___ Data supplied ___

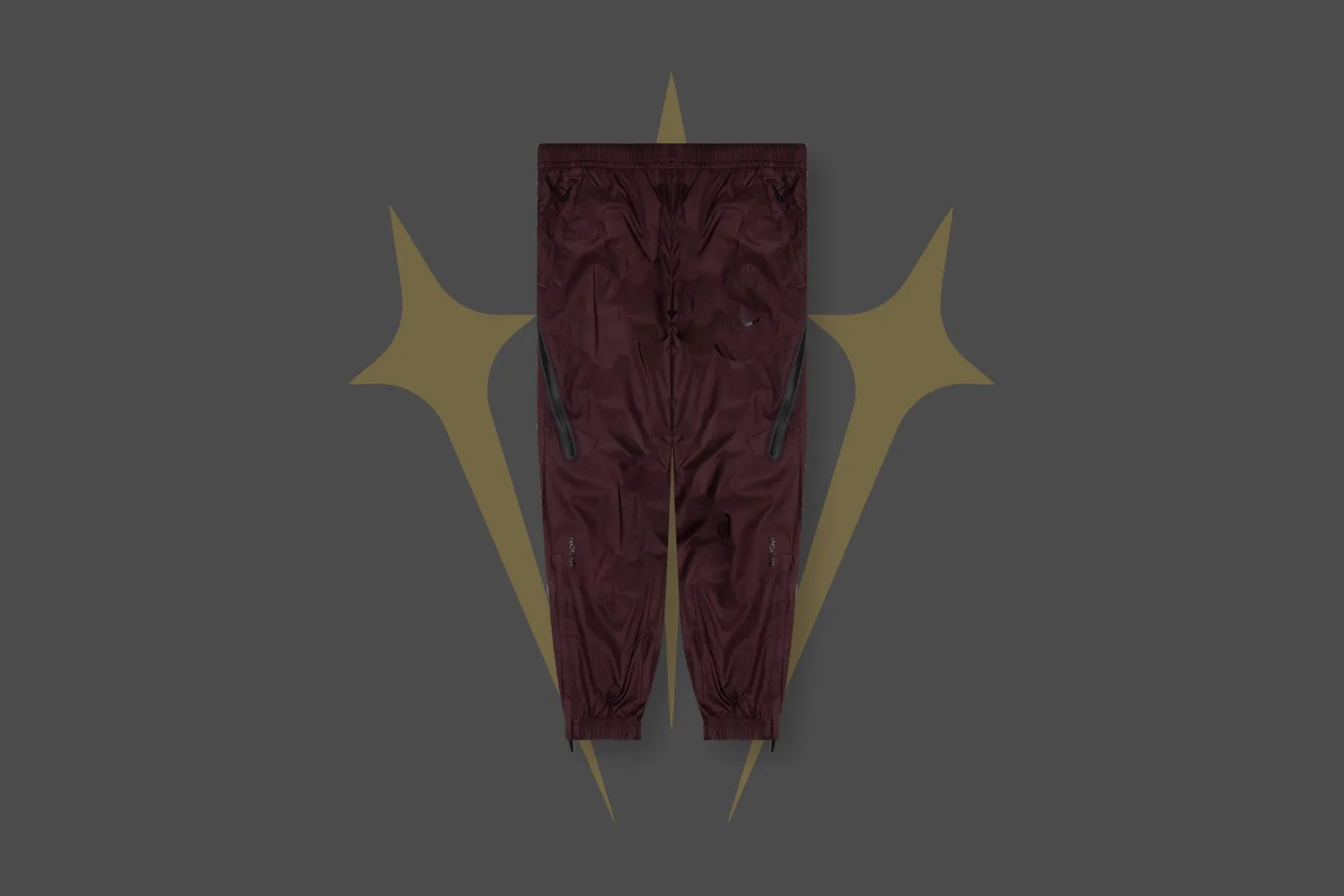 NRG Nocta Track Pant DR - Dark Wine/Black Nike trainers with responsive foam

___
___ Data supplied ___

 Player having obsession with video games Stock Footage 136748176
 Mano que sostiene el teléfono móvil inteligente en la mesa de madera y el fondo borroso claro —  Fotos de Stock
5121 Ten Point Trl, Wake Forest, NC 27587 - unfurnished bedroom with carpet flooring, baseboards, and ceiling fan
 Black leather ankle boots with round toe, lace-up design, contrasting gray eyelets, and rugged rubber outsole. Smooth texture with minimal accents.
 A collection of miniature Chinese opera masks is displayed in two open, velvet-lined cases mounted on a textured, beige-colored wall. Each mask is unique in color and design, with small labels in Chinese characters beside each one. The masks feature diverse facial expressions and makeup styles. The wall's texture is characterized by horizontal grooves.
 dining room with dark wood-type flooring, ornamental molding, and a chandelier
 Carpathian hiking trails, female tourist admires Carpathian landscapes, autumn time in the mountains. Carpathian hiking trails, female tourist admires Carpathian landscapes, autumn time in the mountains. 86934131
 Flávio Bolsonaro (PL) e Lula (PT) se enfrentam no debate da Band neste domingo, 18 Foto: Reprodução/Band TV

___
___ Data supplied ___

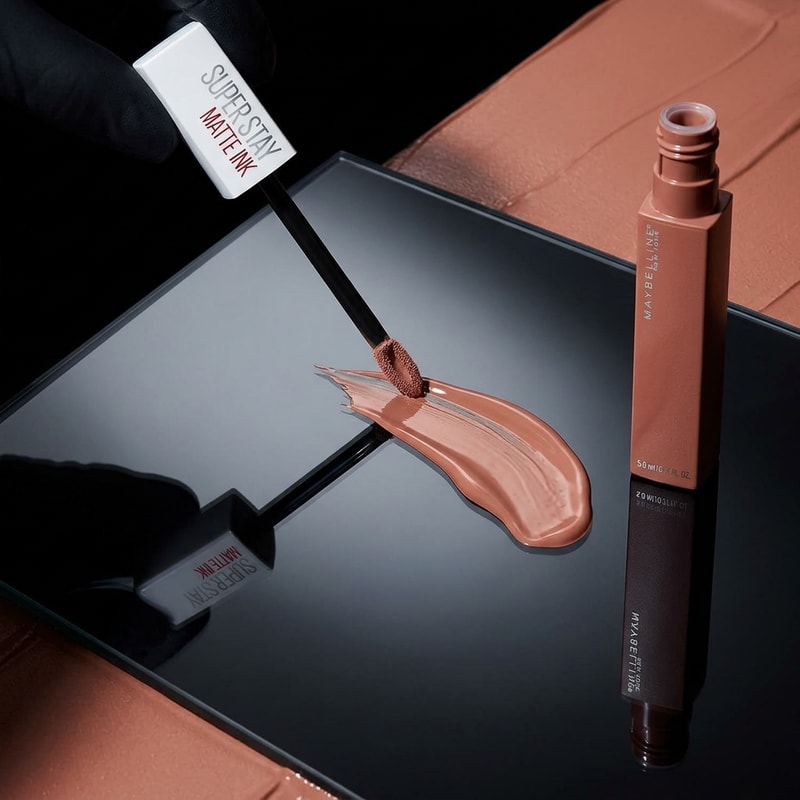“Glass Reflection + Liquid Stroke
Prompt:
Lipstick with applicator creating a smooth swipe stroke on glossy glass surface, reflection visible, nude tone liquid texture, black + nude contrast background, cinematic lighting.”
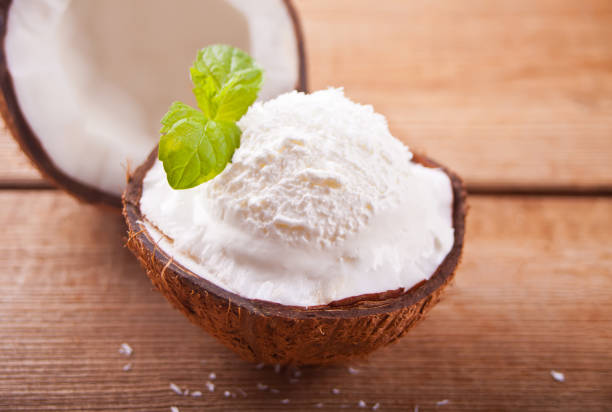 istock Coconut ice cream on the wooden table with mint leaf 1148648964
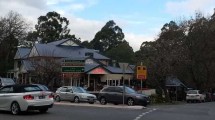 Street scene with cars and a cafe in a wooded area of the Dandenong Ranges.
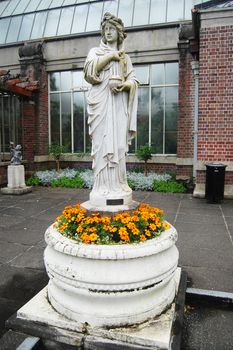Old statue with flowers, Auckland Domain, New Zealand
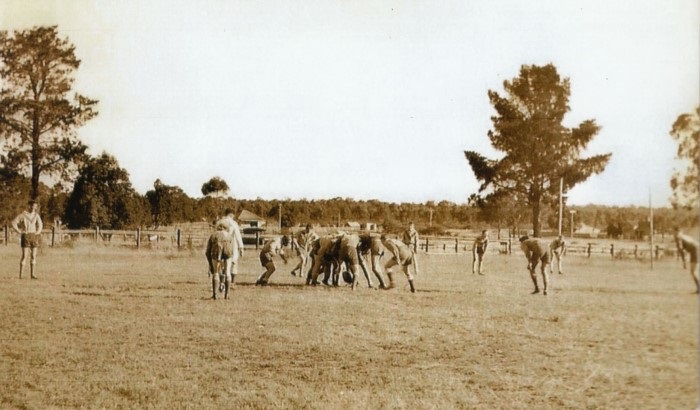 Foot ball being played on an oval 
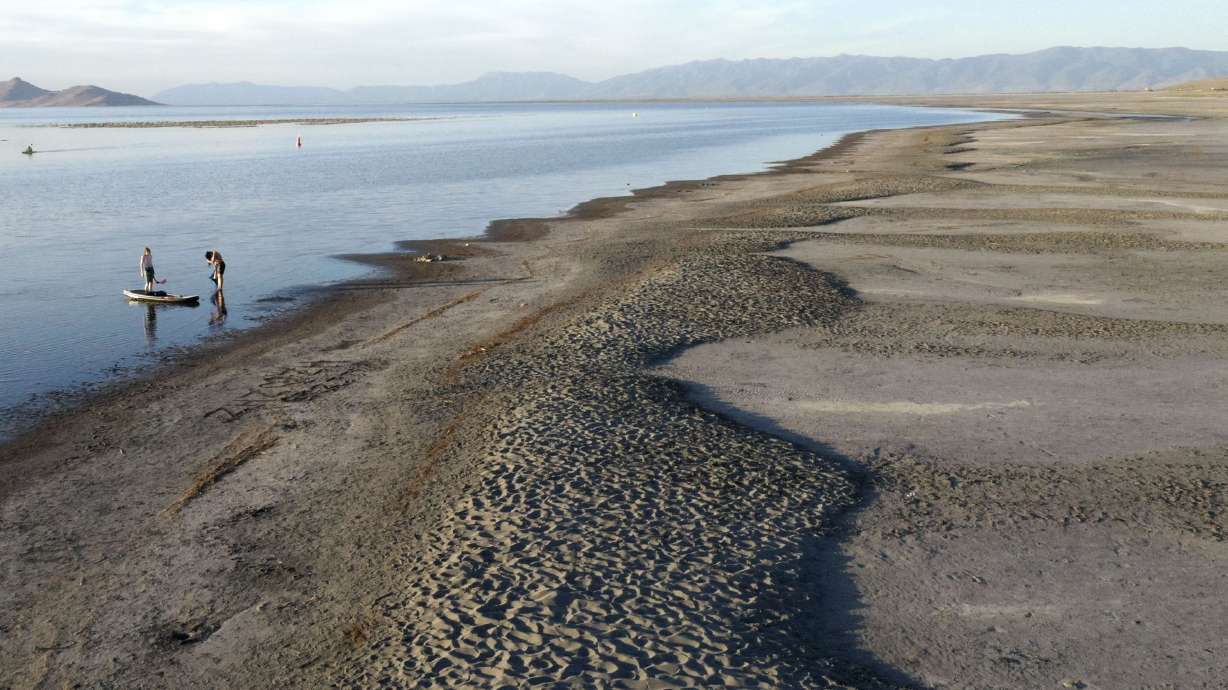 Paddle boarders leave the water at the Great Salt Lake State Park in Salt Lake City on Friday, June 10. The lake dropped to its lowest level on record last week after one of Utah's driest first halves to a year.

___

__What this task involves__:
Starting with the line above that holds "Black leather ankle" and stopping with the line that holds "Flávio Bolsonaro (PL)", reproduce each line exactly, omitting all other lines.

__Task response__:
 Black leather ankle boots with round toe, lace-up design, contrasting gray eyelets, and rugged rubber outsole. Smooth texture with minimal accents.
 A collection of miniature Chinese opera masks is displayed in two open, velvet-lined cases mounted on a textured, beige-colored wall. Each mask is unique in color and design, with small labels in Chinese characters beside each one. The masks feature diverse facial expressions and makeup styles. The wall's texture is characterized by horizontal grooves.
 dining room with dark wood-type flooring, ornamental molding, and a chandelier
 Carpathian hiking trails, female tourist admires Carpathian landscapes, autumn time in the mountains. Carpathian hiking trails, female tourist admires Carpathian landscapes, autumn time in the mountains. 86934131
 Flávio Bolsonaro (PL) e Lula (PT) se enfrentam no debate da Band neste domingo, 18 Foto: Reprodução/Band TV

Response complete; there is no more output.